1 minute read

One of Larry Wall’s three great virtues of a programmer is laziness. While I generally don’t confer that laziness is a desirable attribute, when it comes to building early-stage startup software, it could not be more valuable. Laziness allows you to provide business value now, and defer performance for later. When I say performance, I mean software, business and team performance, but I primarily mean software performance. Deliver early, deliver often.

Though I’ve never worked at such establishments, I can imagine there are places where it’s unacceptable to deliver under-performing software. There’s plenty of cases where performance needs to be a primary concern, including banking, embedded systems and mathematical software. Web applications, however, do not fall under this umbrella. What’s difficult is to know when performance becomes unacceptable, but that’s the point. Deferring optimization allows you to measure the key facets that need attention. During the early stages, it’s much more crucial to measure than to optimize.

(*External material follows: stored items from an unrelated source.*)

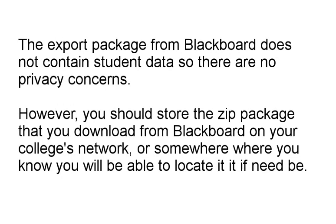A course export doesn't contain student data, so there are no student privacy concerns, but ideally you should store the exported zip file that you download from Blackboard securely on your college's network.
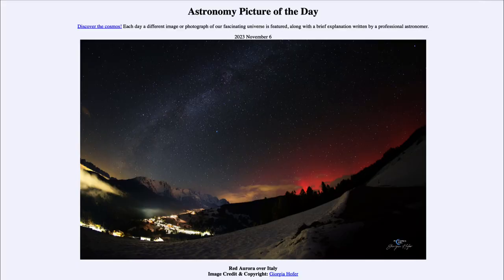Greetings and welcome to the Introduction to Astronomy. One of the things I like to do in each of my introductory astronomy classes is to begin with the Astronomy Picture of the Day from the NASA website at apod.nasa.gov/apod. Today's picture for November 6th of 2023 is titled 'Red Aurora over Italy.'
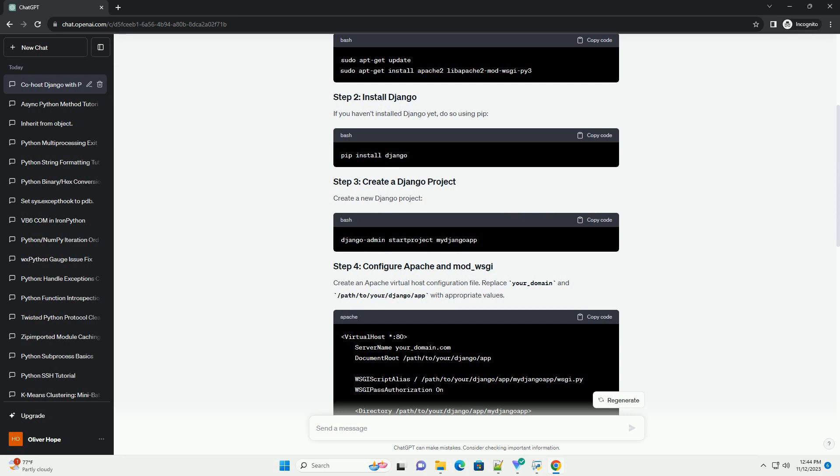Make sure you have the necessary software installed on your server. If you haven't installed Django yet, do so using pip.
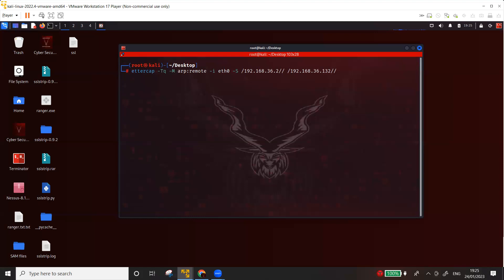Now hyphen capital M is for man-in-the-middle attack, MITM. We are launching ARP poisoning attack on remote connections. So hyphen I is for the interface. In our case, in my case, it's eth0 and most probably is going to be the same if you're running Kali.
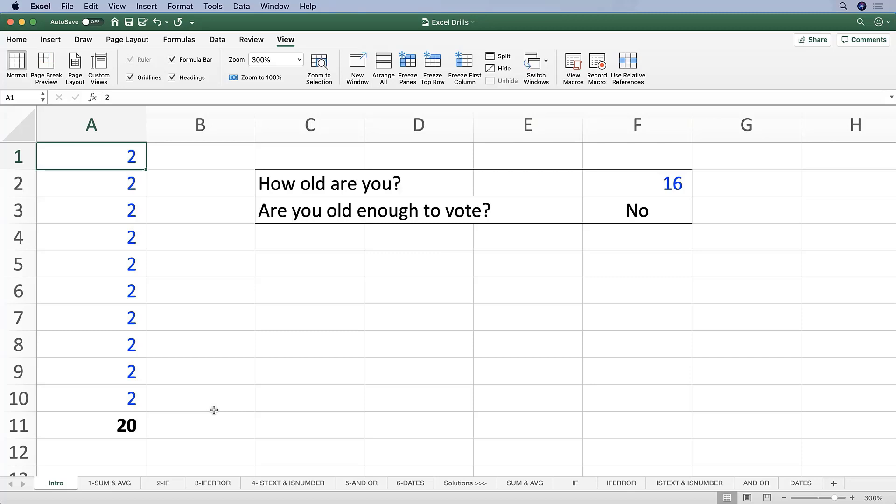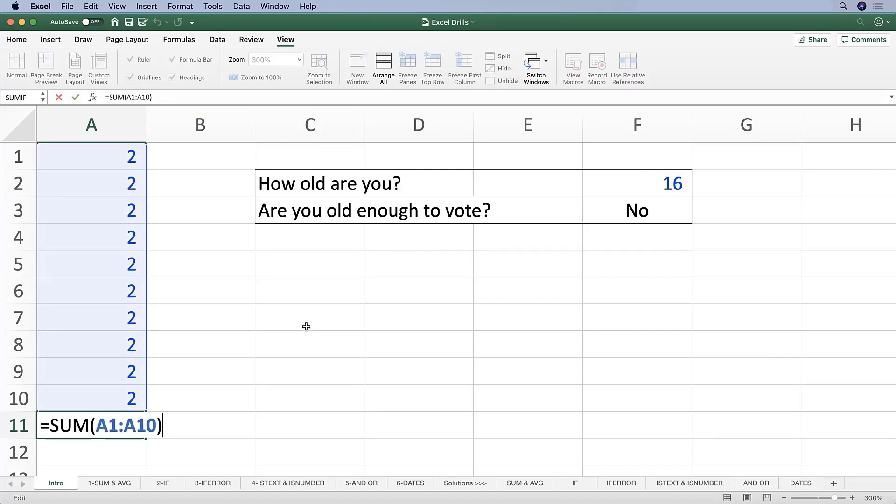So before moving on to these drills, let's discuss the structure of Excel functions. We already know that every Excel function starts with an equal sign and then the function name. In this case, SUM.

Now, what I’m saying should not be conflated with inadmissibly slow performance. You need to draw the line somewhere. Knowingly shipping software that will affect the perception of speed should be avoided at all costs, but the optimizations that might increase revenue by a fraction of a percent can wait for a rainy day. It’s the difference between fixing an N+1 query and rewriting to take advantage of tail recursion. With experience, I think performant code can be written during the first iteration; the more you optimize, the more likely you are to avoid pitfalls. So, generally I take the approach of: ship early, optimize later, learn, rinse, repeat.